We are given the equations of two circles:
1. \( x^2 + y^2 - 6x + 4y + 9 = 0 \)
2. \( x^2 + y^2 + 2x - 2y + 1 = 0 \)
We are asked to find the distance between the points of tangency \( A \) and \( B \), where a direct common tangent touches both circles.
Step 1: First, rewrite both equations of the circles in standard form by completing the square for both \( x \) and \( y \).
For the first circle \( x^2 + y^2 - 6x + 4y + 9 = 0 \):
- Complete the square for \( x \): \( x^2 - 6x \rightarrow (x - 3)^2 - 9 \)
- Complete the square for \( y \): \( y^2 + 4y \rightarrow (y + 2)^2 - 4 \)
Thus, the equation becomes: \[ (x - 3)^2 + (y + 2)^2 = 4 \] So, the center is \( (3, -2) \) and the radius is \( 2 \). For the second circle \( x^2 + y^2 + 2x - 2y + 1 = 0 \):
- Complete the square for \( x \): \( x^2 + 2x \rightarrow (x + 1)^2 - 1 \)
- Complete the square for \( y \): \( y^2 - 2y \rightarrow (y - 1)^2 - 1 \)
Thus, the equation becomes: \[ (x + 1)^2 + (y - 1)^2 = 1 \] So, the center is \( (-1, 1) \) and the radius is \( 1 \). 
Step 2: Next, we use the formula for the distance between two points on the direct common tangent.
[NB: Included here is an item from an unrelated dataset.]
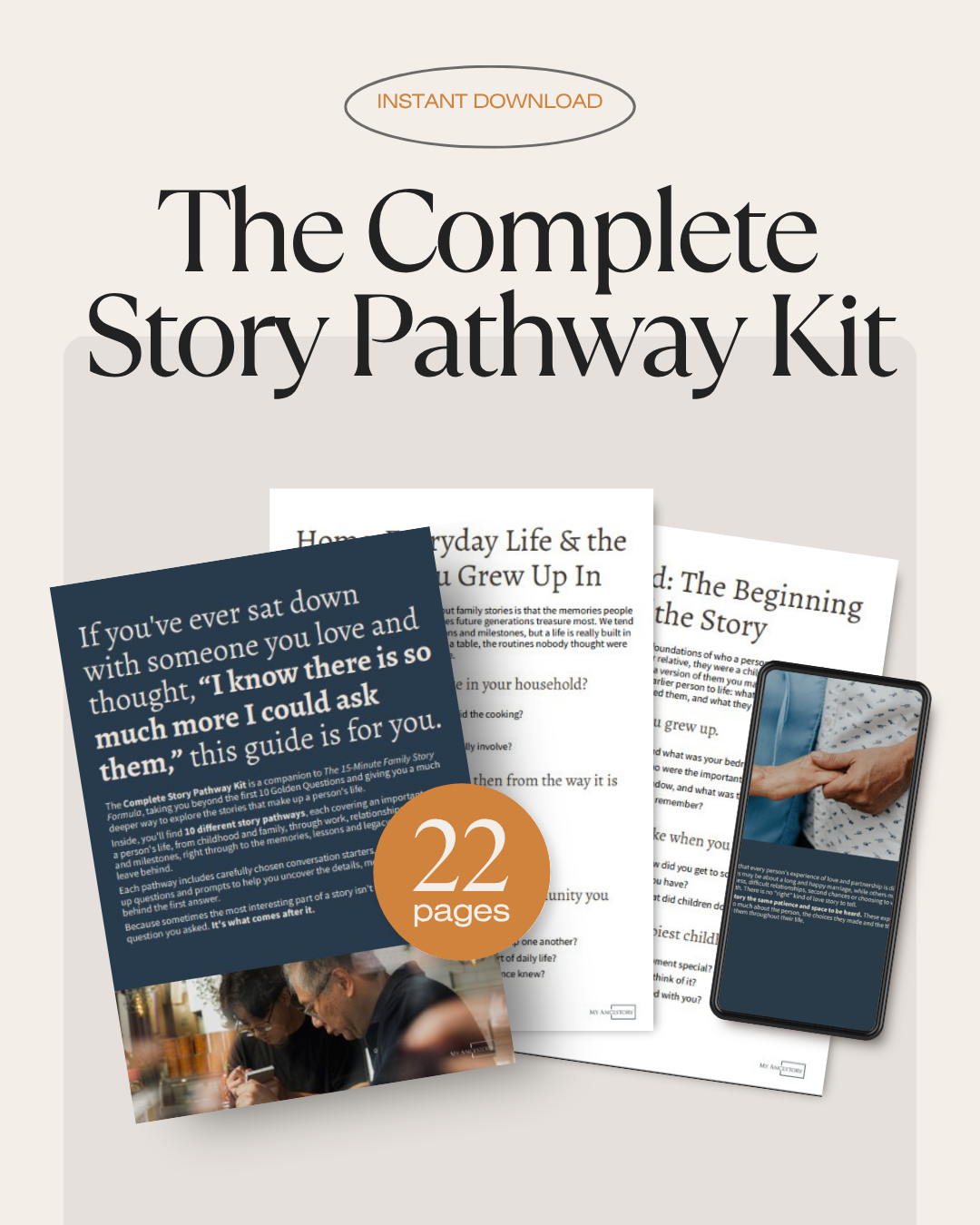 Four printed guide pages fanned out with a 22 pages badge, titled The Complete Story Pathway Kit.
The distance \( AB \) between the points of tangency of the direct common tangent is given by: \[ AB = \sqrt{d^2 - (r_1 - r_2)^2} \] where: - \( d \) is the distance between the centers of the two circles
- \( r_1 \) and \( r_2 \) are the radii of the two circles
The distance between the centers is: \[ d = \sqrt{(3 - (-1))^2 + (-2 - 1)^2} = \sqrt{(3 + 1)^2 + (-2 - 1)^2} = \sqrt{4^2 + (-3)^2} = \sqrt{16 + 9} = \sqrt{25} = 5 \] The radii of the two circles are \( r_1 = 2 \) and \( r_2 = 1 \). So, the distance between the points of tangency is: \[ AB = \sqrt{5^2 - (2 - 1)^2} = \sqrt{25 - 1} = \sqrt{24} = 2\sqrt{6} \] Thus, the distance \( AB \) is \( 2\sqrt{6} \).